Data block
==============================
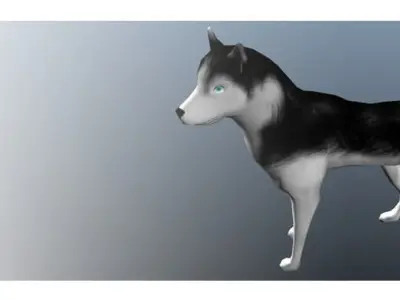 Dog Animation Low-poly 3D model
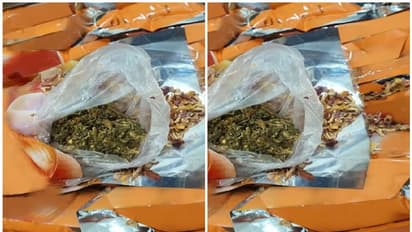 എത്തിയത് രണ്ട് കാര്ഗോ, പെട്ടിയില് സവാള, ഉദ്യോഗസ്ഥര്ക്ക് സംശയം; എക്സ്റേ പരിശോധനയിൽ കണ്ടെത്തിയത് കഞ്ചാവ്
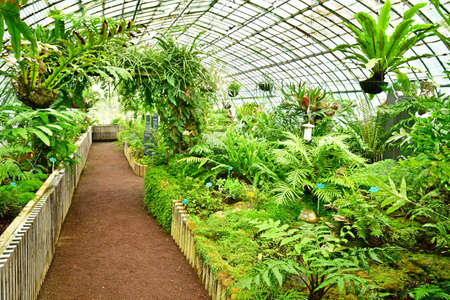 Paris; France - July 8 2021: the Auteuil greehouses garden created in 1898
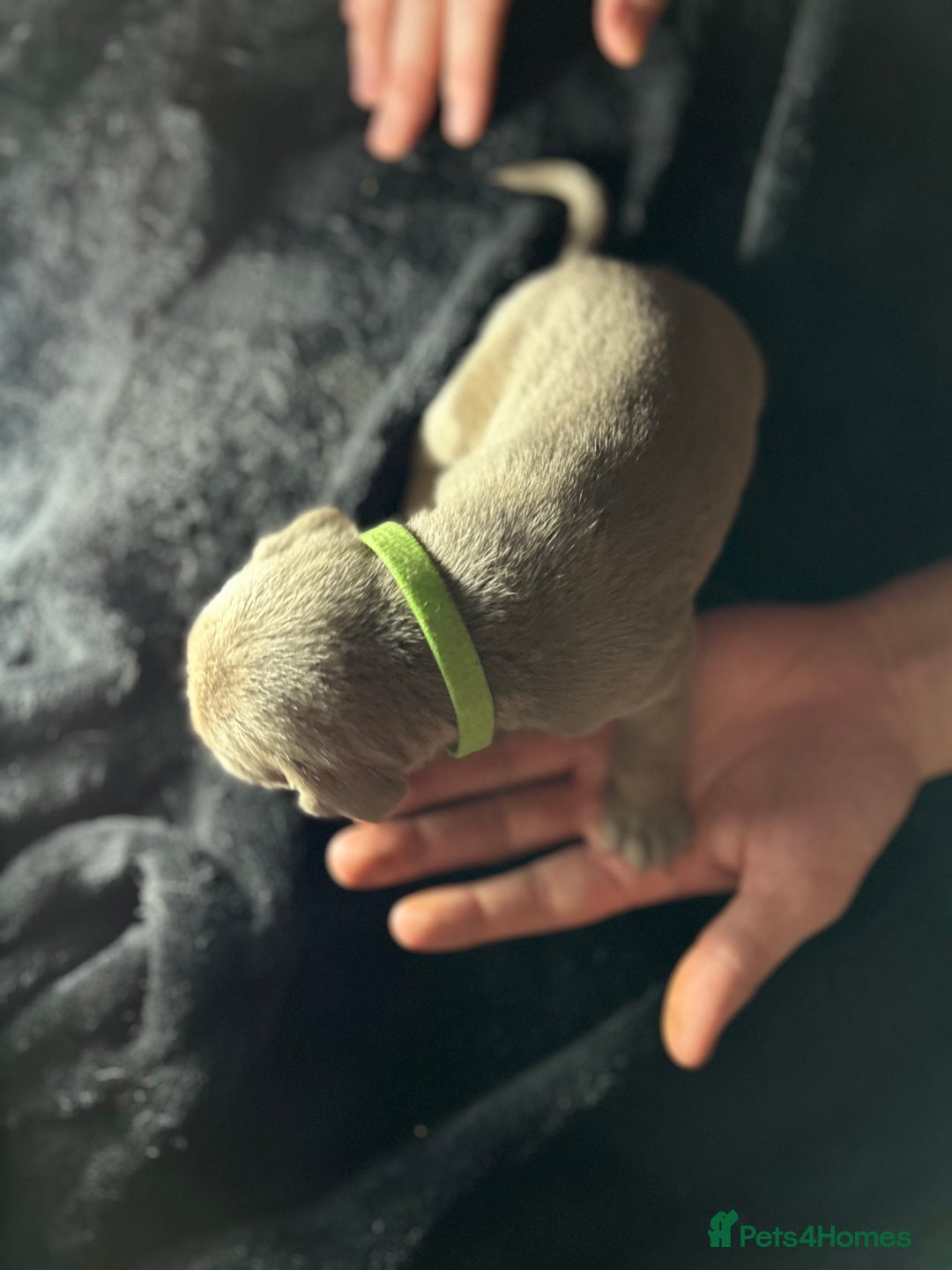 Mixed Breed dogs for sale: Staffadors staffy x labs  - Advert 8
==============================
What you are asked to do
Output the listing word for word. Drop the pictures.

Written reply
 Dog Animation Low-poly 3D model
 എത്തിയത് രണ്ട് കാര്ഗോ, പെട്ടിയില് സവാള, ഉദ്യോഗസ്ഥര്ക്ക് സംശയം; എക്സ്റേ പരിശോധനയിൽ കണ്ടെത്തിയത് കഞ്ചാവ്
 Paris; France - July 8 2021: the Auteuil greehouses garden created in 1898
 Mixed Breed dogs for sale: Staffadors staffy x labs  - Advert 8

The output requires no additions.